Para além de tudo isso, os clubes são explorados comercialmente, certeiramente, amplificando a rivalidade, ganhando com isso. A rivalidade entre ambos é comercialmente explorada, e muito, disse RIVALIDADE, não são inimigos, são interdependentes, o que os mantem a frente de outros gigantes europeus exatamente por isso. As receitas são as maiores da Europa nos últimos anos e nada me faz supor que serão superados (ficarão entre os 5 maiores por bastante tempo). As cidades utilizam os clubes como pontos turísticos, marcos, e isso é excelente sob qualquer aspecto, já que atraem a milhares de turistas durante todo o ano. A quem interessa um gigante adormecido? Só no RJ...
Na Inglaterra, o tripé econômico dos clubes é levado, em via de regra como meta. No caso do Manchester United, maior arrecadador do país, são 33% licenciamento, 33% Bilheteria e 33% para TV, é a meta, grosseiramente falando. Como podem perceber, a soma daria 99%, a margem de 1% é ideal. Logicamente, não dá para equilibrar as contas assim, mas é um alvo buscado a todo custo, mesmo que sazonalmente um dos tripés ultrapasse ao outro por competência de gestão, não por inércia de um dos lados. O Flamengo tem tentado equalizar sua receita para que a TV não tenha peso excessivo nas finanças do clube, mesmo sendo a maior receita de TV do país. Tentou com bilheteria (+Sócio Torcedor) e aos poucos, mais lentamente, tenta com licenciamento (parcerias para a venda de licenciados, Sócio Torcedor envolvido e “adoção” de lojas que “vendem Flamengo" em lojas oficiais).

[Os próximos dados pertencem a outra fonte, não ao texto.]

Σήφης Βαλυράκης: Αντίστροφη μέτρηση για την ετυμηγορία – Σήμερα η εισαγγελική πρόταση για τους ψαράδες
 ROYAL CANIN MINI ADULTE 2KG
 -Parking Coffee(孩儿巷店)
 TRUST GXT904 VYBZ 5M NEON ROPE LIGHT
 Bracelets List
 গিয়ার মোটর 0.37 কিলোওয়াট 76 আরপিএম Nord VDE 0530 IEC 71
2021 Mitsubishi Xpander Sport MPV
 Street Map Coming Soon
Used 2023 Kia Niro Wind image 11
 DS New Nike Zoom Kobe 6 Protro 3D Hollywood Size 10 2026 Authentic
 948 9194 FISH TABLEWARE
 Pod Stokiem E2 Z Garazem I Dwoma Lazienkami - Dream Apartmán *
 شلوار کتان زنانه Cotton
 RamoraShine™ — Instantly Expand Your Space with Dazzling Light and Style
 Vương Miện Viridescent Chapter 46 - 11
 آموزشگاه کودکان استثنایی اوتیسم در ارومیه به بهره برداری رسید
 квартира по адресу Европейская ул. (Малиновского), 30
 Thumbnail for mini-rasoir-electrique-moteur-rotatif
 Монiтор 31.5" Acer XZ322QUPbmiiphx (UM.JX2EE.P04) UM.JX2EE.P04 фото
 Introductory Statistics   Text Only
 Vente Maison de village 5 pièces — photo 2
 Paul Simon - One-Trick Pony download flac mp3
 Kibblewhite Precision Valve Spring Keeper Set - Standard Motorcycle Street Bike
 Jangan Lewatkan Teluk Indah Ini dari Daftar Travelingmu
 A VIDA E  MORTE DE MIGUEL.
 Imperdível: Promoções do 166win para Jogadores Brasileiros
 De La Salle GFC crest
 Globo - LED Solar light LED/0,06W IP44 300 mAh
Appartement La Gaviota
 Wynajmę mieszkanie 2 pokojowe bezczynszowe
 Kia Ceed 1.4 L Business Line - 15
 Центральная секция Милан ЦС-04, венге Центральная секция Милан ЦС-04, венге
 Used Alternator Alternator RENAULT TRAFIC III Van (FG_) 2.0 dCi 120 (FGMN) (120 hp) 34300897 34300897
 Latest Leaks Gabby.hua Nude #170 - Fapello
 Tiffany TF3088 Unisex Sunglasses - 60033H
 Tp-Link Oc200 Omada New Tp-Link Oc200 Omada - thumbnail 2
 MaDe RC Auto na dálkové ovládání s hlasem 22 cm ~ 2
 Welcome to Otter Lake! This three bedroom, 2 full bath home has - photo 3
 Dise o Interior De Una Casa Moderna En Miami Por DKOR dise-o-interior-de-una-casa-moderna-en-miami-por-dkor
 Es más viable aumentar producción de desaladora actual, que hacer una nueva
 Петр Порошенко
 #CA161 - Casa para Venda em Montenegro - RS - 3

Essa é a questão que os defensores da tese da espanholização não conseguem perceber ou não se apegam muito. Criticar é sempre mais fácil, destruir é melhor do que construir ou enxergar a reconstruções. Existe um exemplo positivo neste sentido, o Internacional, que a duras penas, tenta minimizar a receita de TV em seu orçamento anual. É um bom trabalho, de mais de dez anos, já que o Inter tem hoje o quarto maior faturamento, estando no 4º grupo na distrubuição das receitas de TV.
É comum que alguns especialistas, principalmente jornalistas descrevam o futebol na Alemanha como o ideal, até concordo em relação a distribuição das receitas de TV. Não se trata disso, apenas. O modelo alemão traz leis rígidas específicas, principalmente no que tange a responsabilidade fiscal, como gastar, com o que gastar e até quando gastar, por uma estrutura organizacional controlada, meritocracia nos direitos televisivos. Infelizmente, nada disso tem impedido a predominância do Bayern de Munique, e um pouco abaixo do Borussia, que tem altíssima bilheteria e estádio lotação de 100% em seus jogos.
O modelo é ótimo mesmo, reproduzível no Brasil e justo para os torneios de pontos corridos, só que os contratos já assinados irão até 2019. A assinatura de um novo contrato seria para o “Brasileirão 2020”. Estaria contida ali a questão da meritocracia dos campos, mas será que os adversários assinarão nestes moldes quando o Flamengo estiver bem melhor, organizado fora do campo? Poderá ocorrer uma “alemanhalização do futebol brasileiro”, já que poucos clubes terão uma grande massa de torcedores somadas a um bom nível estrutural e grande capacidade de captação financeira.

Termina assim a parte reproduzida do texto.